Este fenómeno se vuelve especialmente crítico cuando internet deja de ser una opción y pasa a ser una obligación. Cada vez más servicios públicos y privados se diseñan bajo la premisa de que todos están conectados. Y no es cierto.

España: cobertura casi total, uso desigual

España suele aparecer bien posicionada en los rankings de infraestructura. La cobertura de banda ancha ultrarrápida supera el 95% de los hogares, una cifra por encima de la media europea. Sin embargo, el acceso técnico no garantiza la inclusión digital.

El Informe del Estado de la Década Digital 2025 señala que solo el 66% de la población española cuenta con competencias digitales básicas. Eso deja a más de un tercio de la ciudadanía con dificultades para realizar tareas tan comunes como pedir una cita médica online, rellenar un formulario administrativo o gestionar una cuenta bancaria digital.

El problema se acentúa en personas mayores, hogares con bajos ingresos y colectivos en riesgo de exclusión.
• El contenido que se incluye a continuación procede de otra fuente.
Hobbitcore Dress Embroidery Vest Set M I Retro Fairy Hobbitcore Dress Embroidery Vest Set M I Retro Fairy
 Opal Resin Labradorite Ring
En muchos casos, la conexión existe, pero el conocimiento no. Y sin acompañamiento, la tecnología se convierte en una barrera más.

La brecha como desigualdad estructural

Desde la cooperativa de telecomunicaciones éticas Somos Conexión advierten de que la brecha digital ya es una forma estructural de desigualdad. Su coordinadora del proyecto Brecha Digital, Gemma Úbeda, insiste en que infraestructura no equivale a derecho garantizado si no se acompaña de políticas sociales y educativas.

El acceso real a internet implica:

  • Conexiones asequibles, no solo disponibles.
  • Dispositivos adecuados, más allá del móvil básico.
  • Formación práctica, adaptada al contexto de cada persona.

Sin estos elementos, la digitalización puede excluir en lugar de integrar.

Cuando lo digital se convierte en la única puerta

La administración electrónica, la educación online, la sanidad digital y la búsqueda de empleo dependen cada vez más de internet. Cuando estas vías se convierten en la única opción, quienes no dominan el entorno digital quedan automáticamente fuera.

Un ejemplo claro es la solicitud de ayudas públicas exclusivamente por vía telemática. Para alguien sin ordenador, sin conocimientos o con una conexión limitada, el proceso se vuelve casi inaccesible. La brecha digital refuerza así desigualdades previas ligadas a la edad, el nivel educativo o el lugar de residencia.

Más allá de cables y antenas

Desde Somos Conexión defienden una visión más amplia de la alfabetización digital. No se trata solo de aprender a usar una herramienta, sino de desarrollar una relación autónoma, crítica y segura con la tecnología. Esa capacidad es hoy tan básica como saber leer y escribir.

Los datos globales y nacionales apuntan en la misma dirección: el gran reto ya no es extender redes, sino garantizar que el acceso sea útil, asequible y comprensible para todos. Mientras millones de personas sigan al margen del entorno digital, la promesa de una sociedad plenamente conectada seguirá siendo incompleta. Y profundamente desigual.